I have only these musings along with hatred and self-loathing in these long hours that first day. I think on what led me here.

Why didn’t Edric try to marry Lavinia or Phoebe to Phaestion instead of me to Miranda Wusong? Perhaps it’s not an either-or proposition, rather an “and.” Why not choose to ally with a powerful rival as well as the imperial line? Maybe the choice wasn’t his. Maybe the enmity is from the other side?

My mind flashes back to the day Phaestion arrived on Bone, the day he showed me his siren swords. They were made for my brother, Augustus, he had told me. Augustus had died in the Combat. Who would have been strong enough to fell the brother of Phaestion Julii? The picture suddenly seems clearer.

Edric may have been spurned for his low birth or for having killed the Julii heir. Then didn’t Phaestion try to turn Edric’s own sons against him by indoctrinating them as Companions? My father allowed this. Why? Perhaps he thought that if I died or turned it might be easier to rid himself of me. Then again, Edgaard was also a companion. Perhaps Edric thought that we might turn Phaestion just as well as he could turn us? Vendetta is a funny thing, I marvel.

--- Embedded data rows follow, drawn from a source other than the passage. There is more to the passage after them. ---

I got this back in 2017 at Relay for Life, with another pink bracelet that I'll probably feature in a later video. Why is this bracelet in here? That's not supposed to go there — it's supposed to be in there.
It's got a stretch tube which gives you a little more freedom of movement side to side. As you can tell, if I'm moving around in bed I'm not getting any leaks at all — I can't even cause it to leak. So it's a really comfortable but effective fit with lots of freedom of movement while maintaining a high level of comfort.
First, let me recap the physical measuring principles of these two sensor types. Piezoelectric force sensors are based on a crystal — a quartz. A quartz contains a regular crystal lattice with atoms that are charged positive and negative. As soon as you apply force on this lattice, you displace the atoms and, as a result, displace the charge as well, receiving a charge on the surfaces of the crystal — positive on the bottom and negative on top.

I ache from exertion and stop for a moment to shout to the Picker on the line next to me to ask whether we stop for lunch.

“We don’t break, fish.”

How do they expect us to stay alive without food? I wonder.

We work hour upon hour. Finally, the arterial cable is yanked at the end of an eight-hour cycle, our signal to return to the upper caverns. We give up our harnesses, helmets, picks, and drills. We load back onto the train, which returns us to the firelight and cold of the cavern. My body no longer throbs from injury, but from sheer muscle exhaustion. I follow the line of Pickers through the village. I head for the Ration Bar, where the Foodies hand out food packs to inmates. I need sustenance, I need sleep, but I remember my friend still in the care of Faria. I secretly grab an extra pack from the counter and break away from the lines.

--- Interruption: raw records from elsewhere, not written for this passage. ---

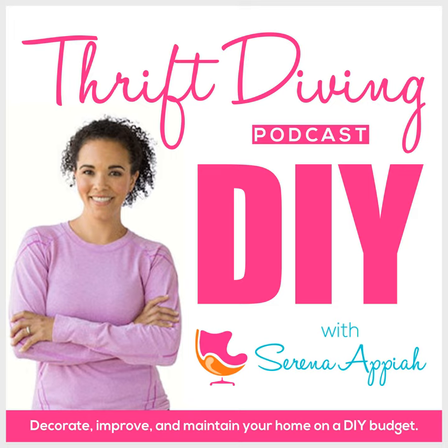Hey, what's up? It's Serena Pia from thriftdiving.com, which is a podcast, a blog, and a YouTube channel that helps you decorate, improve, and maintain your home with paint, power tools, and thrift stores without sacrificing your budget, the environment, or style. Welcome to episode 80 of the Thrift Diving podcast. I cannot believe I'm already at 80, and I've been doing this consistently since January 2021.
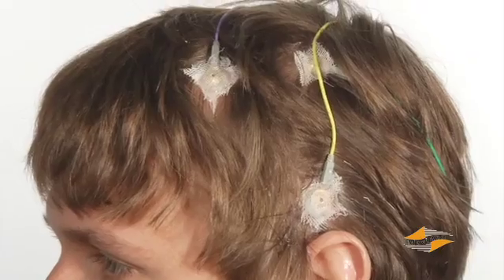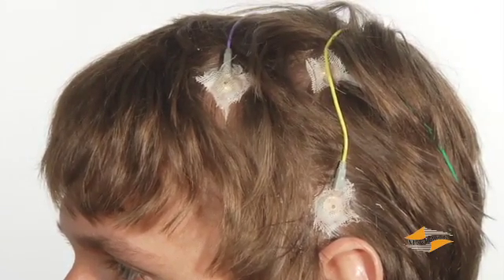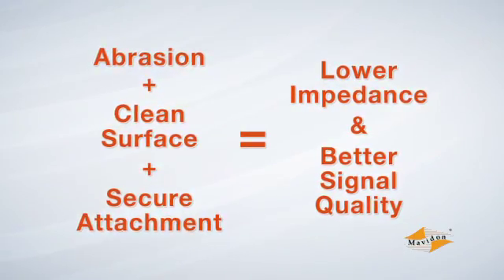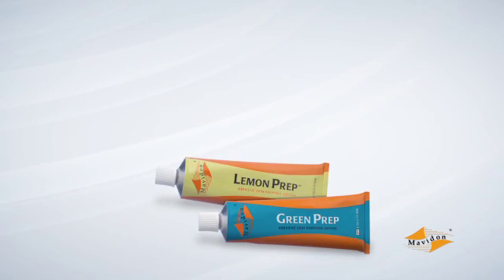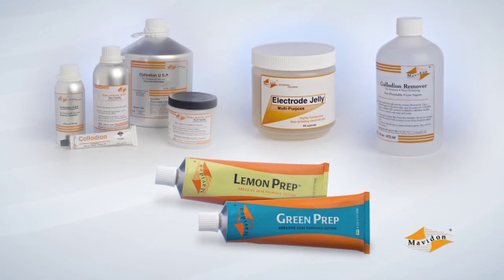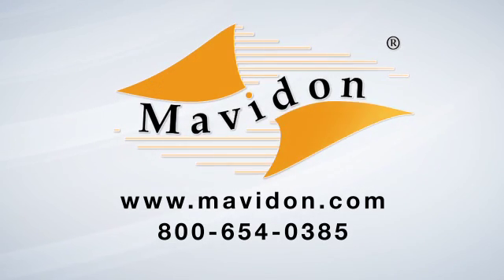Collodion can be a very effective means of securing electrodes for EEG and sleep testing. Remember: abrasion plus a clean surface plus secure attachment equals lower impedance. Using the proper application technique will help ensure accurate and useful recordings. Mavidon's Green and Lemon Prep, collodion, and collodion remover products help make testing easier for you and your patient. Contact Mavidon or your medical supply distributor for more information.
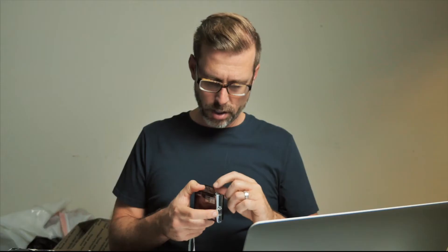Next on the list is the Nikon S60. Good news — there is a battery included, but no charger, no charging cables. So I'm going to leave this one as untestable until I do a little more research.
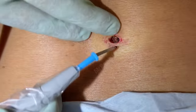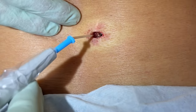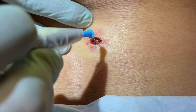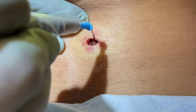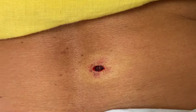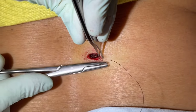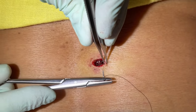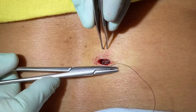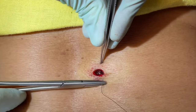Just a couple of simple interrupteds, and we have about a one centimeter closure there. That is good, and that will never come back now. Skin's pretty thick there.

Toshi is waiting for me outside Faria’s hut when I arrive. He stands. I see that he can’t put much weight on his leg, but otherwise looks fine.

“Edmon! You made it.” He smiles.

After the ordeal of the last forty-eight hours, it feels like there’s finally some bit of peace that’s taken hold when I see his face.

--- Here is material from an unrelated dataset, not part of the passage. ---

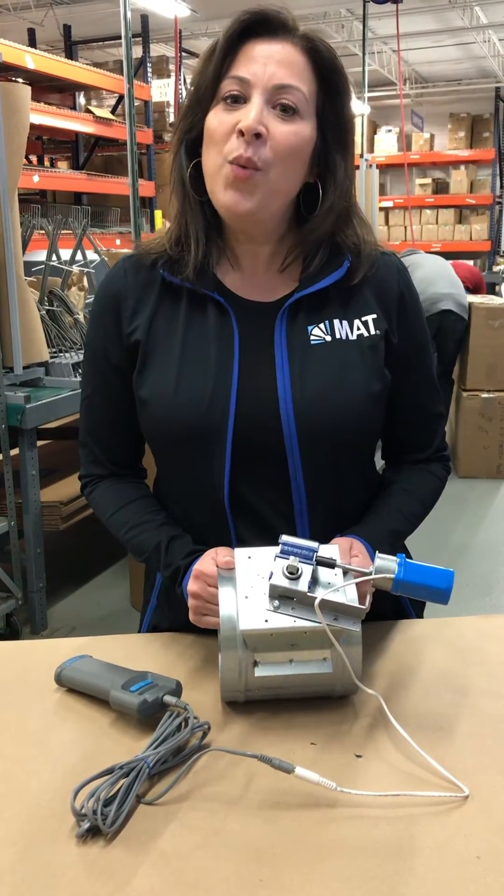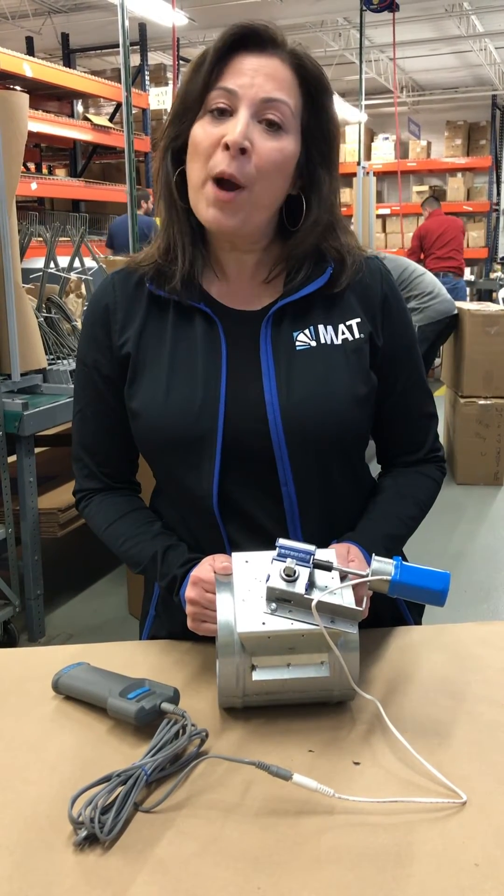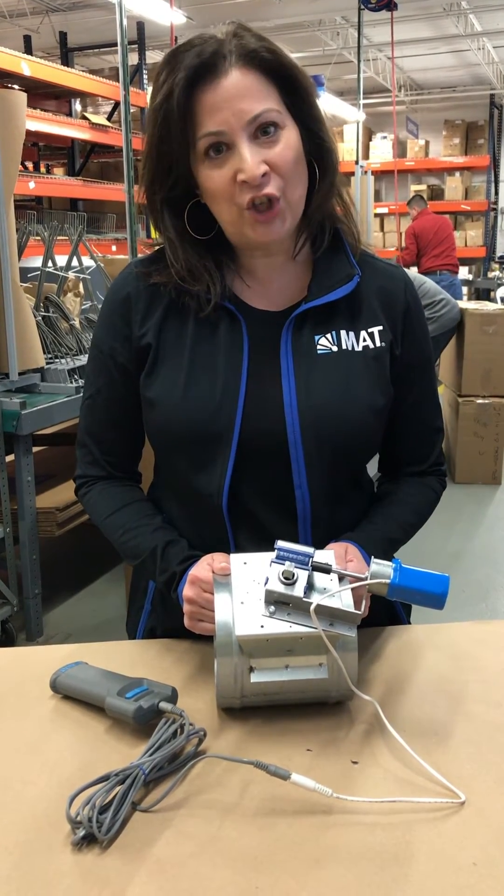Here at MAT, we like to install and test all our dampers from our warehouse and ship directly onto the job site.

“Toshi! You okay?” I feel ready to collapse myself.

“Thanks to you. And to the old shaman.” He uses the island word for medicine man. Faria is indeed a scary son of a bitch medicine man.

“What’s wrong?” Toshi asks.

“Hungry, tired, freezing, in prison. By the twisted star, what isn’t wrong with me?” I laugh, the kind of laugh that’s so bone weary, I no longer can control it. “I brought you this.” I hold up the food pack. We lean on each other and trudge through the village, a pair of friendless wretches. At least we have each other.

“So how was your day, dear?” he asks.

“Hanging in utter darkness. Picking all day at rocks. Who could ask for more?”

Toshi laughs, too. Then we walk in silence. He’s been brought back to life from the brink of death. It’s nigh a miracle.

“How did he do it, Toshi?” I ask. “You were almost dead when I brought you in. You seem almost good as new.”